= Atlantic Federation of Students =

Canadian student union

Atlantic Federation of Students (AFS) was an Atlantic Canadian student organization existing from January 1975 to November 1978.

==History==
The AFS was created in the 1970s, after the Canadian Union of Students, formerly National Federation of Canadian University Students (created in 1926) ceased existence in 1969. The AFS had links to the National Union of Students (which was created in 1972, several years after CUS was disbanded). It also held ties to the Ontario Federation of Students (OFS), and l'Association nationale des etudiants du Québec. The AFS had 12 university and college member locals from Newfoundland and Labrador, New Brunswick, and Nova Scotia. Through its activity, the Atlantic Federation also came under surveillance by the Royal Canadian Mounted Police Security Service and the Canadian Security Intelligence Service.

==Organizing==
In 1976 the Federation received a considerable set-back from one of its largest members, Dalhousie Student Council (DSC). $2,000 in emergency funds for the fledgling Federation was denied by DSC. It was voted down on the grounds that a detailed budget was not produced by AFS. The funds were to ensure full operation of the AFS during spring 1976 referendums in the Atlantic provinces. AFS secretary Don Soucy challenged the DSC motion stating that the DSC had committed to produce a budget for the AFS. Soucy stated "The main problem is the constant referral to AFS as 'they'… the failure to realize that it is not 'they' but an organization of the post-secondary students in the Atlantic provinces."
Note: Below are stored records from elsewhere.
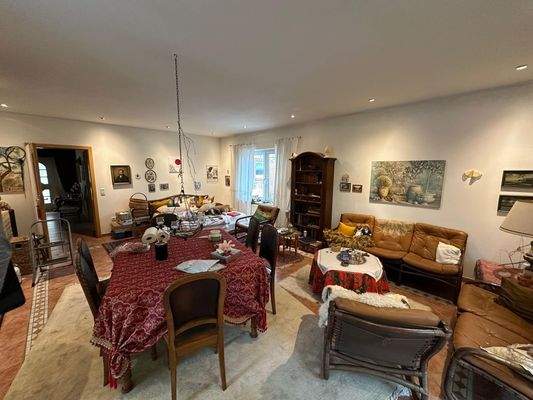 Wohnzimmeransicht (2)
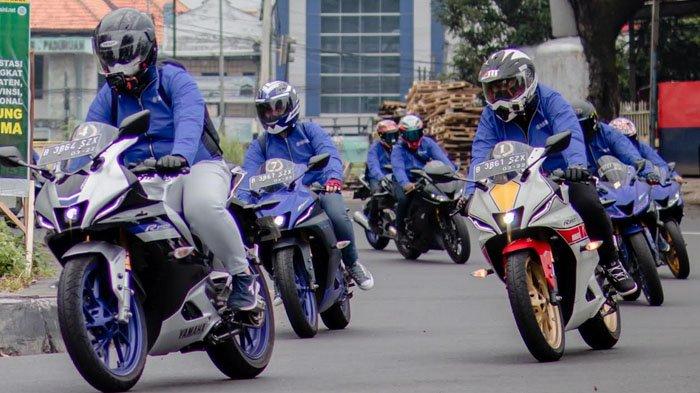Komunitas Yamaha R15 asal Jawa Timur saat melakukan touring jarak jauh, 2023.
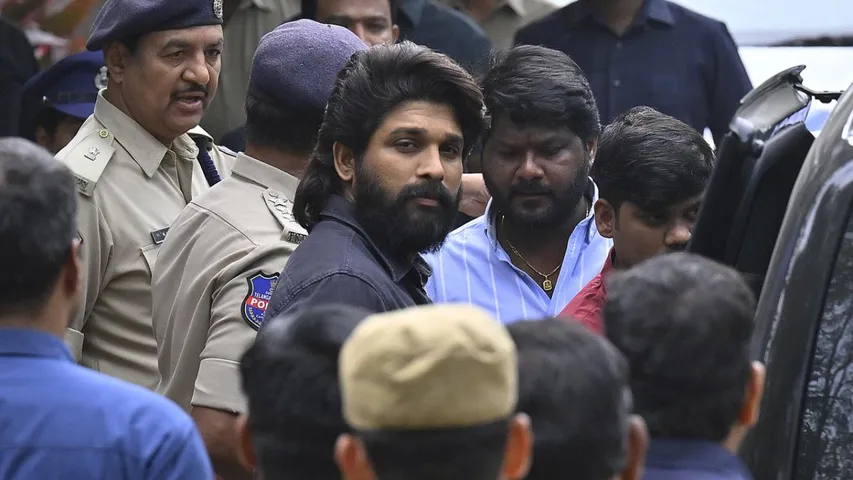 allu arjun Nampally court.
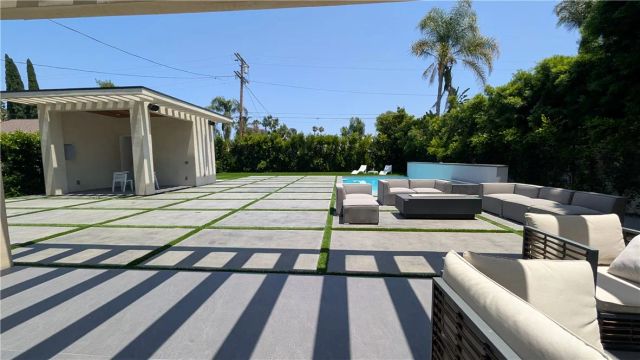 4528 Matilija Avenue, Sherman Oaks, CA 91423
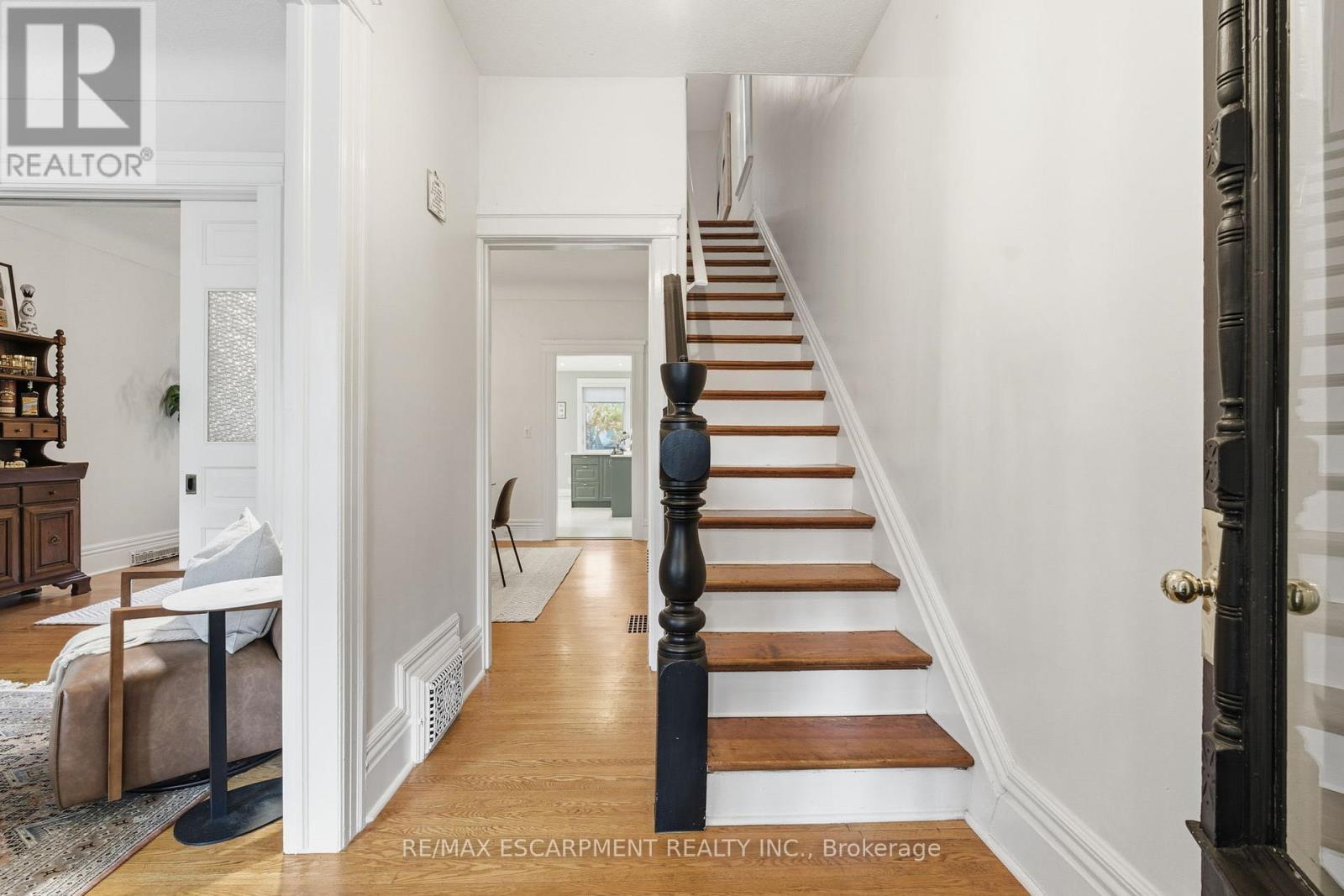 141 Markland Street, Hamilton, ON - Indoor Photo Showing Other Room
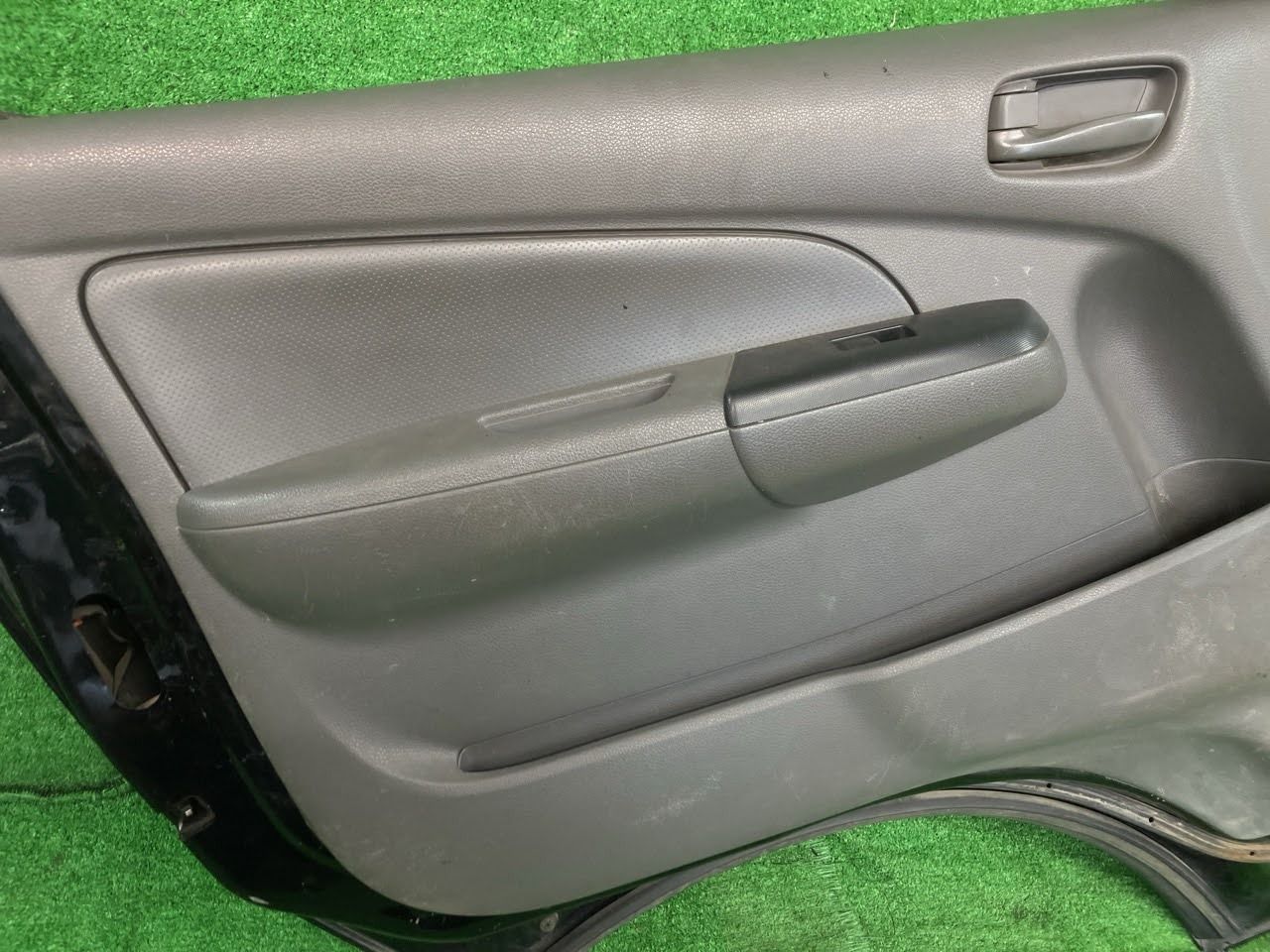 NV350キャラバン VW6E26 左フロントドア ロング低床DX 4WD 9人 アサヒ M2H3 H010A-3XAMB KH3 NV350キャラバン VW6E26 左フロントドア ロング低床DX 4WD 9人 アサヒ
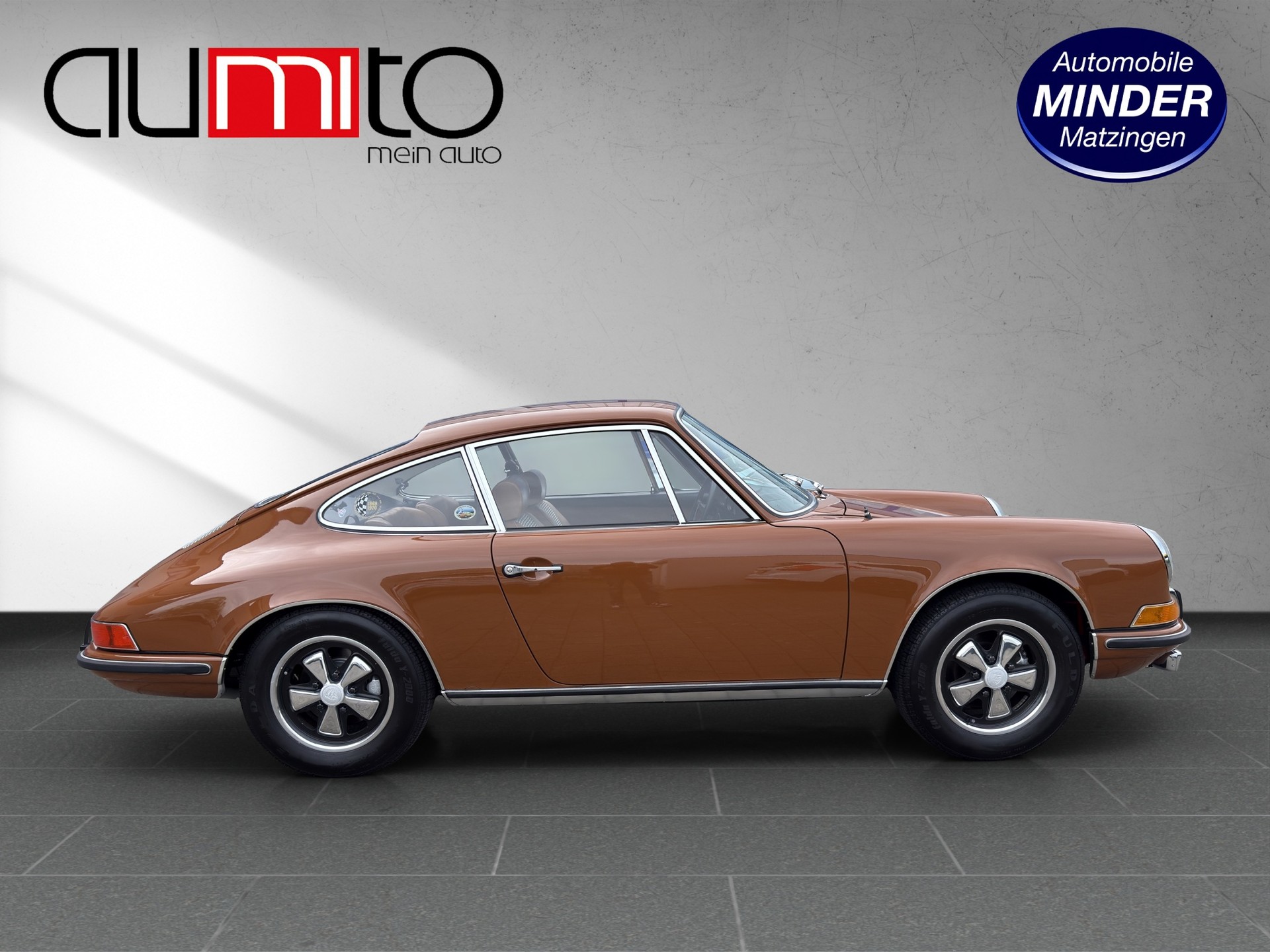 PORSCHE 911 T-image-1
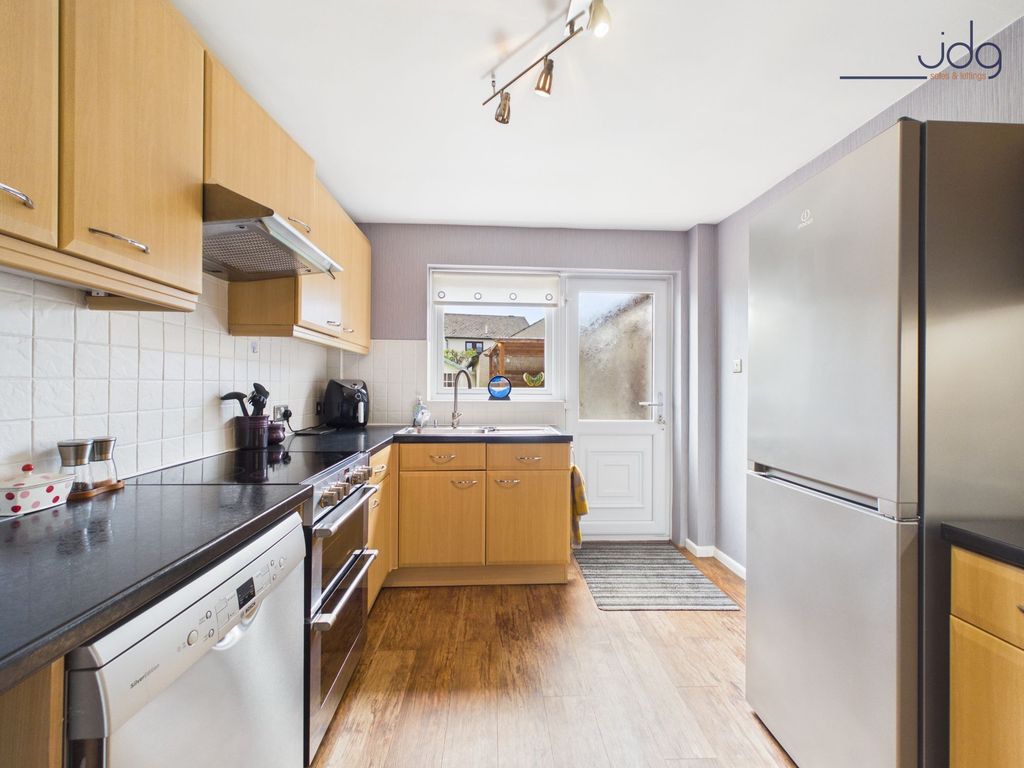 Property photo 2 of 15 Kitchen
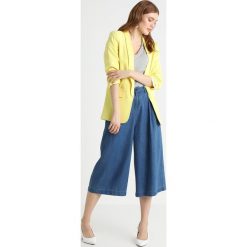 Płaszcze damskie pastelowe: Aaiko PINS Krótki płaszcz fresh yellow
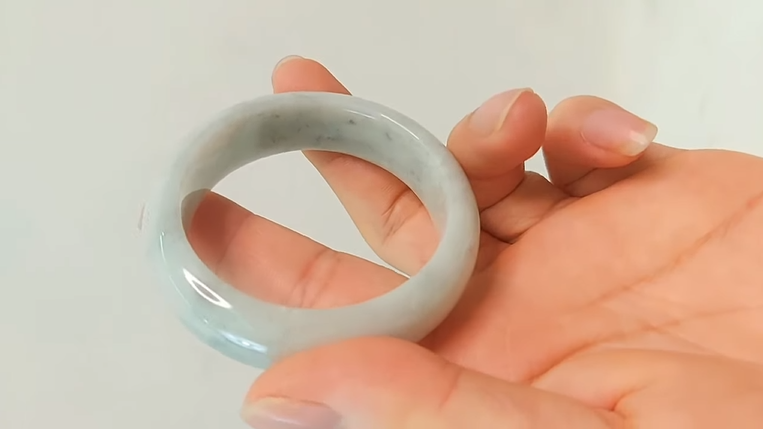 Vòng Ngọc Cẩm Thạch Xanh Cao Cấp Tại Cửa Hàng Uy Tín Gmt Jade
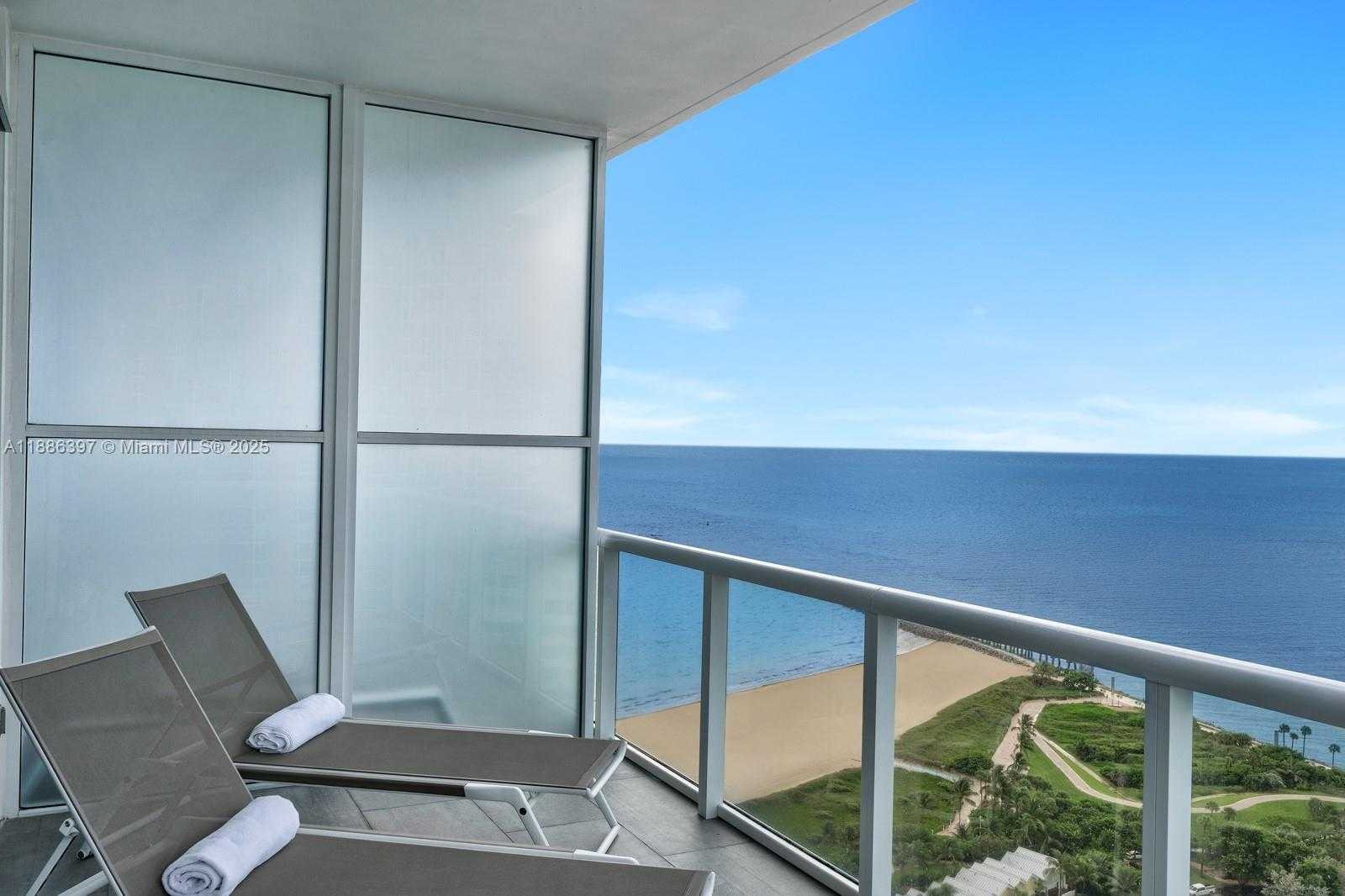 Small Image of 50 SOUTH POINTE DR #2903, Miami Beach Number 19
In late February, 1977, students from St. Frances Xavier University in Antigonish, Nova Scotia, voted in favour of joining the AFS but did not reach quorum. By-laws of the Federation stipulated that at least 40% of students had to vote to legally join the Federation. The vote came short of quorum by 1.5%.

== Campaigns ==
In 1977-78, students in the Atlantic provinces were battling their respective provincial governments over shortfalls in funding and the prospect of increased tuition. The Council of Maritime Premiers fell short of the 11.5% funding increase recommended by the Maritime Provinces Higher Education Commission. This meant tuition fee increases for students. As a result, students from all over Nova Scotia marched on provincial legislature.